Learn chaos engineering for Kubernetes without scrubbing through videos or documentation. Educative’s text-based courses are easy to skim and feature live coding environments, making learning quick and efficient.
Now, we apply that definition to our cluster inside the go-demo-8
Namespace. This will get our application up and running as a Pod.
kubectl --namespace go-demo-8 apply --filename k8s/terminate-pods/pod.yaml
Now it’s time to apply some damage and destroy our application!
To perform chaos experiments to our application, we can use the Chaos Toolkit plugin for Kubernetes. This toolkit does not support Kubernetes out-of-the-box. We need a plugin for features beyond basic out-of-the-box features. Let’s install a Kubernetes plugin using pip
.
pip install -U chaostoolkit-kubernetes
Note: Explore the Chaos Toolkit plugin using the
discover
command to see all its features, options, and arguments.
Let’s start destroying stuff. Look at the first definition that we will use, located in the chaos
directory, in the fileterminate-pod.yaml
.
cat chaos/terminate-pod.yaml
This gives us the following output:
version: 1.0.0
title: What happens if we terminate a Pod?
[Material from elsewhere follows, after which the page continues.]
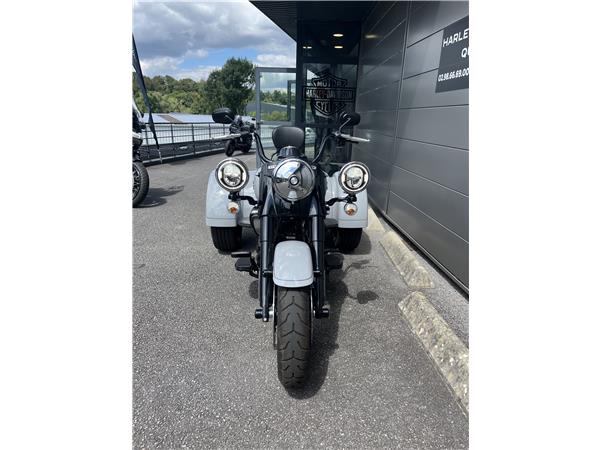 2024 HARLEY-DAVIDSON FREEWHEELER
description: If a Pod is terminated, a new one should be created in its places.
tags:
- k8s
- pod
method:
- type: action
name: terminate-pod
provider:
type: python
module: chaosk8s.pod.actions
func: terminate_pods
arguments:
label_selector: app=go-demo-8
rand: true
ns: go-demo-8
Now that we have seen the definition, let’s run terminate-pod.yaml
.
chaos run chaos/terminate-pod.yaml
The output is as follows:
[... INFO] Validating the experiment's syntax
[... INFO] Experiment looks valid
[... INFO] Running experiment: What happens if we terminate a Pod?
[... INFO] No steady state hypothesis defined. That's ok, just exploring.
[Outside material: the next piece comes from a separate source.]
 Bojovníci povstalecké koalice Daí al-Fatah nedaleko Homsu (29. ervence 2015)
[... INFO] Action: terminate-pod
[... INFO] No steady state hypothesis defined. That's ok, just exploring.
[... INFO] Let's rollback...
[... INFO] No declared rollbacks, let's move on.
[... INFO] Experiment ended with status: completed
After the initial validation, it ran the experiment called What happens if we terminate a Pod?
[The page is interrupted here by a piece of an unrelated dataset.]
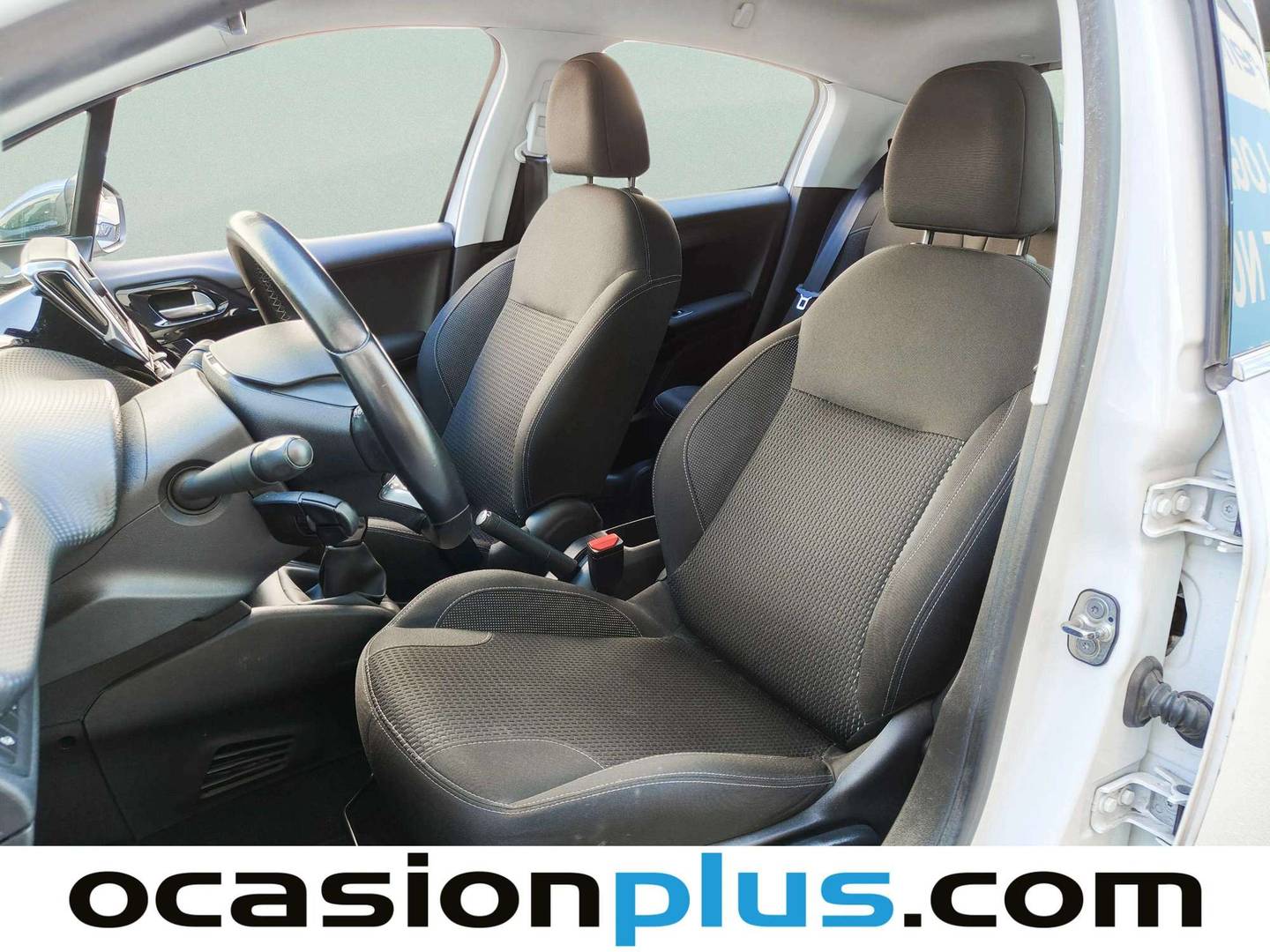 Foto asientos delanteros Peugeot 208 Peugeot 208 PureTech 82 S&S Tech Edition (82 CV)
and found that there is no steady state hypothesis defined
. Judging by the output, there is one action terminate-pod
.
Next, it went back to the steady state hypothesis
and determined that there is none. Then, it tried rollback
, and it found out that it could not. All we have done so far is execute an action to terminate a Pod. We can see the result in the last line: experiment ended with status: complete
.
Now, let’s output the exit code of the previous command. If we get 0
, this means success in Linux. Those exit codes tell the system whether it’s a failure or a success!
Now, let’s take a look at the Pods in our Namespace.
kubectl --namespace go-demo-8 get pods
The output states that no resources
were found in go-demo-8 namespace
.
We deployed the single Pod and ran an experiment that destroyed it. We did not do any validations. We executed a single action to terminate a Pod, which was successful.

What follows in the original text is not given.